WHAT IS REQUIRED: Drop all images. Then write out each line below exactly as given.

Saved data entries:
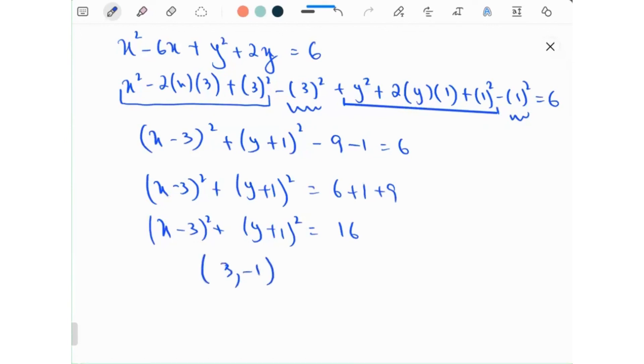The center is (3, minus 1) and the radius is 4 units. Is everyone comfortable?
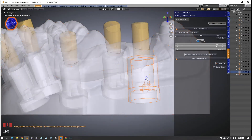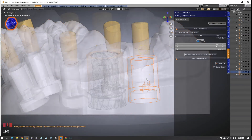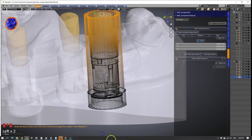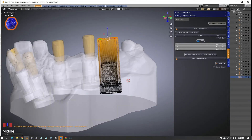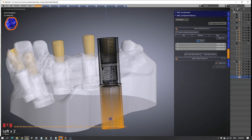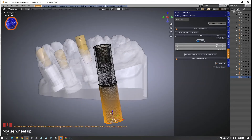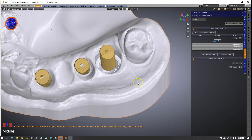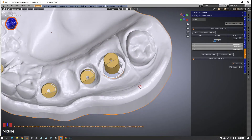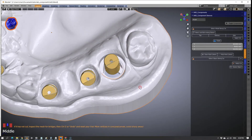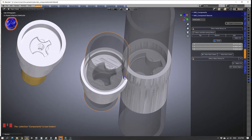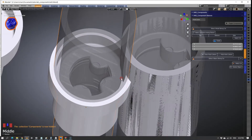Special cutting tools are used to create the cavities in the model for the analogs to fit into. The tutorials will guide you through the process one step at a time.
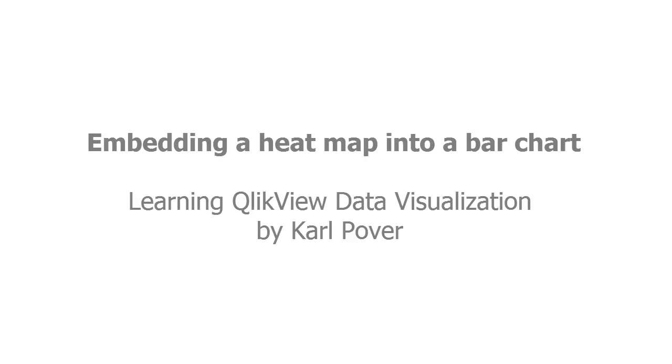Hello, my name is Carl Pover and welcome to this video tutorial on how to apply the coloring technique of a heat map to a bar chart. This video is the first of a series of video tutorials based on extra material from my book, Learning QlikView Data Visualization.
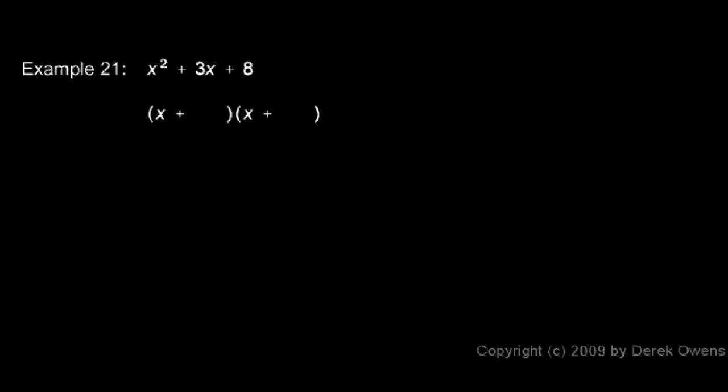So there's no answer here. This doesn't factor. This trinomial is said to be irreducible. It can't be broken up into smaller factors.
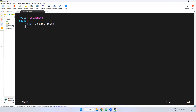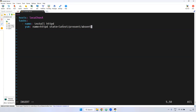Then you have to declare what module you will use to install the package — that is the yum module. Remember, 'yum' should be exactly below 'name'. You declare the yum module, then 'name: httpd', then 'state:'. We have three types: latest, present, or if you want to uninstall, you can use the absent option.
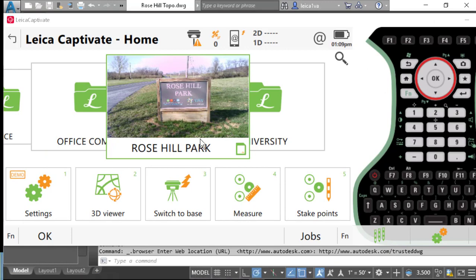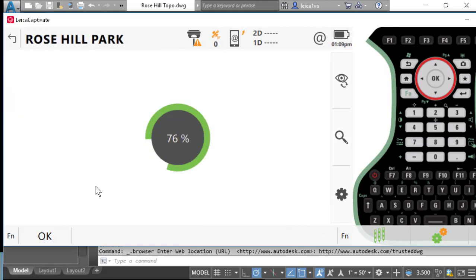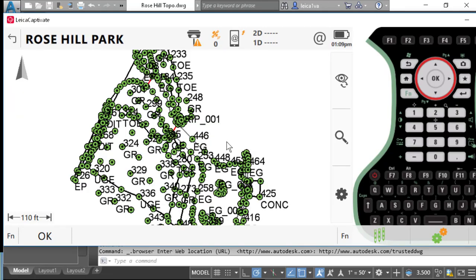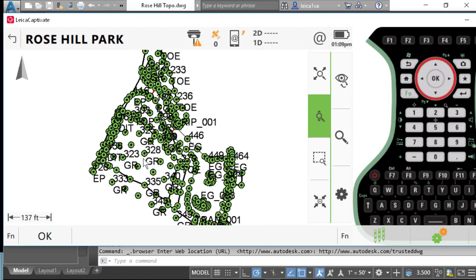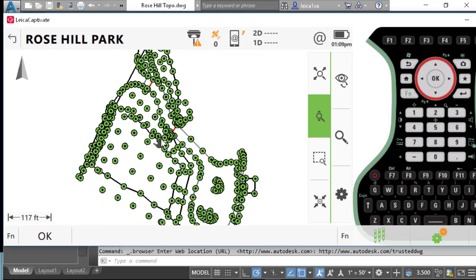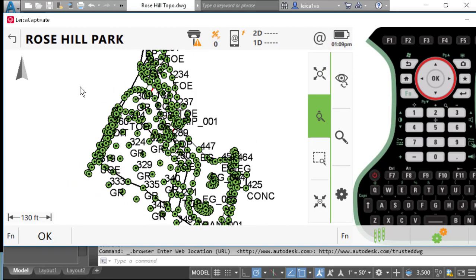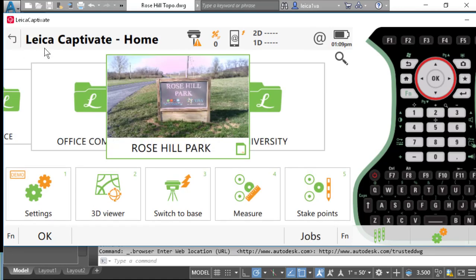I have a project here called Rose Hill Park. I'll take a second and go to the 3D viewer. You'll notice that we have about 360 points and several lines that we've located. Let's go ahead and export this data and import it into Civil 3D.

OUTPUT FOR THIS EXERCISE:
The center is (3, minus 1) and the radius is 4 units. Is everyone comfortable?
Special cutting tools are used to create the cavities in the model for the analogs to fit into. The tutorials will guide you through the process one step at a time.
Hello, my name is Carl Pover and welcome to this video tutorial on how to apply the coloring technique of a heat map to a bar chart. This video is the first of a series of video tutorials based on extra material from my book, Learning QlikView Data Visualization.
So there's no answer here. This doesn't factor. This trinomial is said to be irreducible. It can't be broken up into smaller factors.
Then you have to declare what module you will use to install the package — that is the yum module. Remember, 'yum' should be exactly below 'name'. You declare the yum module, then 'name: httpd', then 'state:'. We have three types: latest, present, or if you want to uninstall, you can use the absent option.
I have a project here called Rose Hill Park. I'll take a second and go to the 3D viewer. You'll notice that we have about 360 points and several lines that we've located. Let's go ahead and export this data and import it into Civil 3D.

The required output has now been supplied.